Security threats Toolkit

Easynet sends warnings to virus victims

Tags:
Nyxem

Tom Espiner ZDNet.co.uk

Published: 30 Jan 2006 11:55 GMT

A UK Internet Service Provider (ISP) is contacting customers it believes may be infected with the Nyxem virus.

When a computer is infected by Nyxem, it visits an online Web counter that counts how many PCs have been infected. Easynet is monitoring traffic to this Web counter and sending a warning to every user that visits it, explaining that their machine could be infected.

ISPs have been attacked in the past for failing to responsibly monitor the data they pipe to home users, and for failing to share the responsibility for the ever-growing virus and spam burden that is falling on businesses and consumers.

"ISPs do the equivalent of pumping out raw sewage into your home. You wouldn't expect to have to filter your own water, so why do home users have to filter their own data?" Paul Wood, MessageLabs senior analyst, told ZDNet UK in November.

Easynet's actions may indicate that ISPs are taking this issue more seriously.

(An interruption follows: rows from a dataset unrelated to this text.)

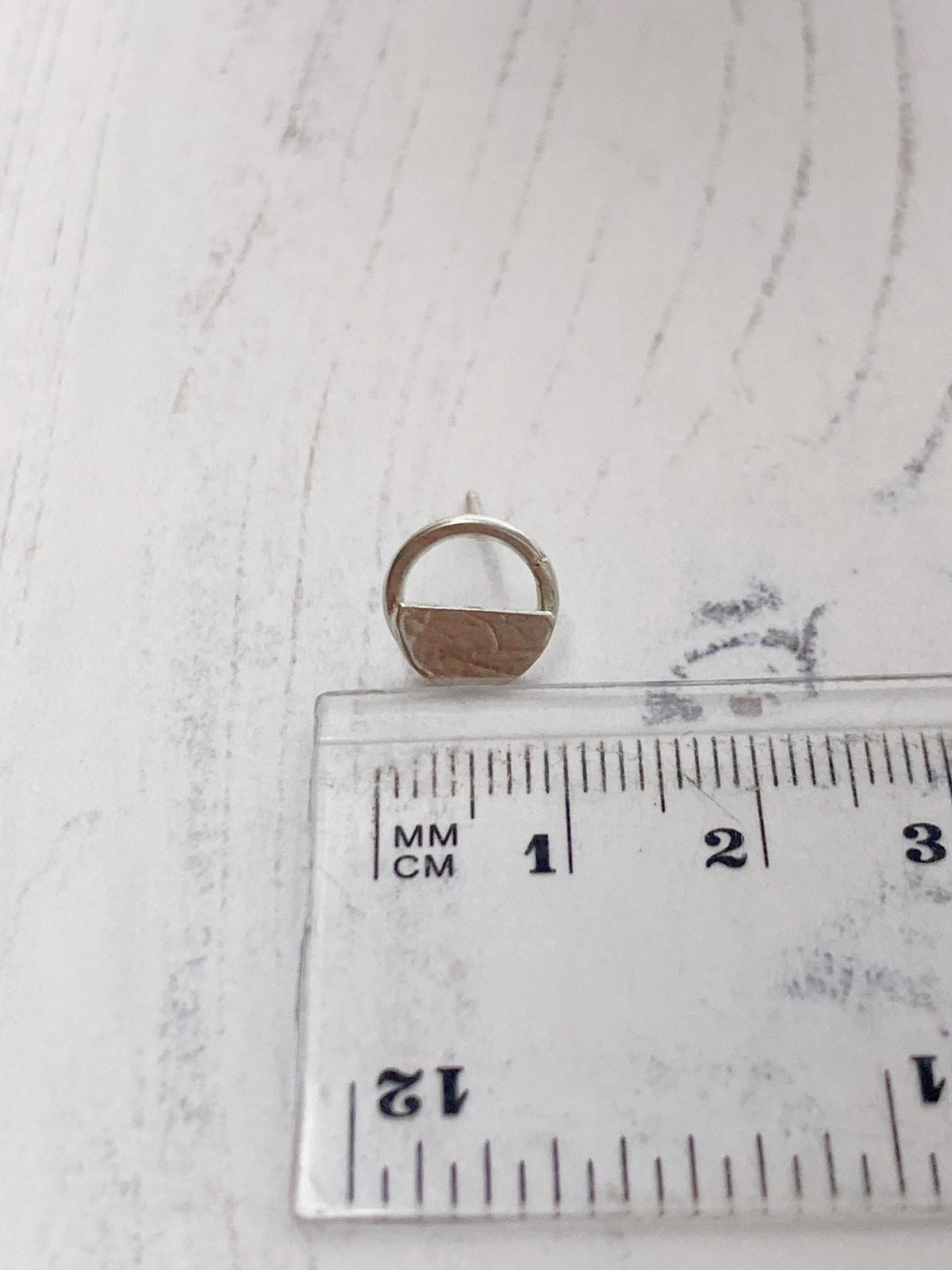 Image of Circle and semi circle stud earrings 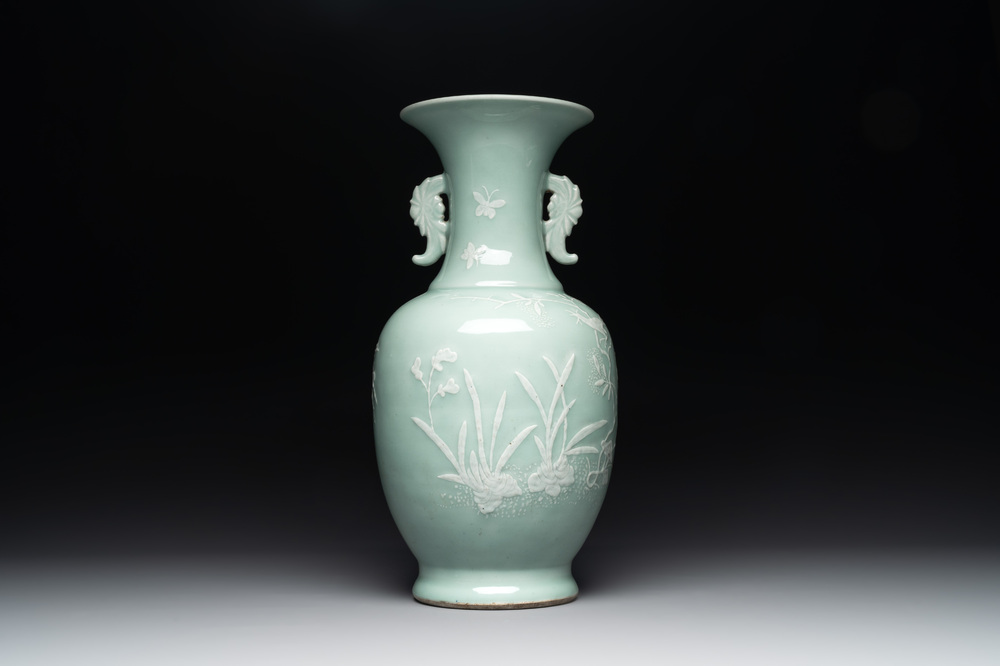 A Chinese slip-decorated celadon-glazed vase with floral design, Qianlong mark and of the period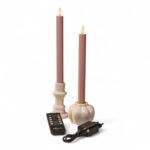 Twee roze kaarsen op batterijen in witte houders, een afstandsbediening en een zwarte voedingsadapter staan op een witte achtergrond. De kaarsen hebben vlamvormige uiteinden die echte vlammen simuleren.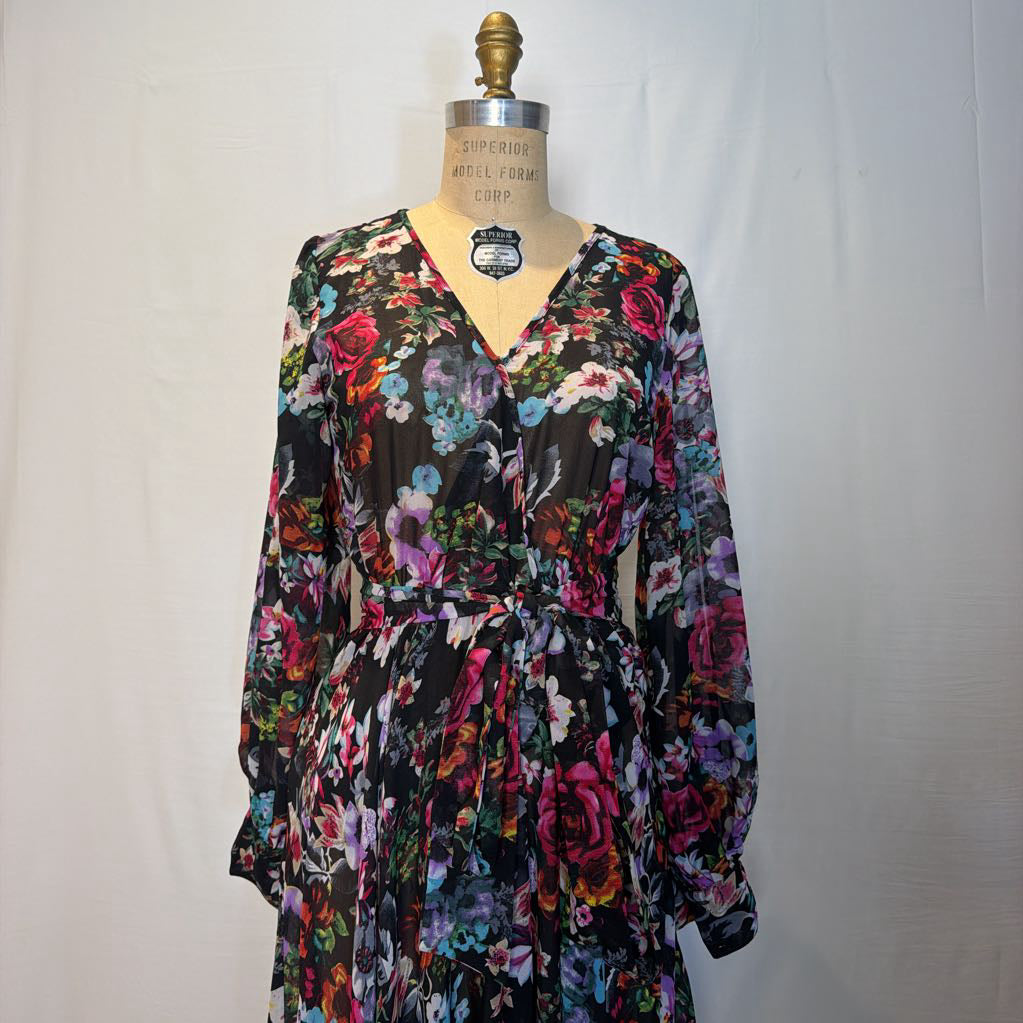 A floral maxi dress on a mannequin in front of a white wall.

Security firm F-Secure applauded the move in its blog, and encouraged other ISPs to warn their customers about such attacks.

"We think it's a good idea that ISPs warn people about viruses in general and I think it's a great idea that Easynet proactively took this step," F-Secure security expert Patrik Runald told ZDNet UK.

"Obviously with 300 or 400 viruses being detected every day ISPs can't warn their customers about all of them, but in this type of case it's a really good idea."

F-Secure encouraged other ISPs to notify any customers who are infected with Nyxem before 3 February, when the virus is due to deliver its payload.

"We thought this was an excellent idea and wanted to promote it! We encourage other ISPs to do the same as it will help users disinfect their machines before the 3rd of February," said F-Secure in its blog.

Nyxem's payload will delete all Word, Excel, PowerPoint, and PDF file types from a compromised PC. The multi-faceted malware will also attempt to propagate itself both through email and as a network worm, which can be particularly damaging on closed networks.

"Nyxem is certainly malicious. It can be delivered via email, but also as a network worm. It probes other PCs on a closed network to compromise them and send itself to the other computers, to infect as many hosts as possible," said Jason Steer, technical consultant at security company Ironport, on Thursday.

The malware hides in attachment types not typically blocked by attachment filters.

Companies are unlikely to be directly affected by the virus if they are running up-to-date antivirus software, said Ironport, because the major antivirus vendors have now released patches. But the company warned on Thursday that firms could experience secondary effects as the virus tries to propagate itself by harvesting email addresses on an infected machine.

"The knock-on effects will come as compromised PCs try to communicate with businesses. This will cause additional email and network traffic, and possible slow down email response time," said Steer.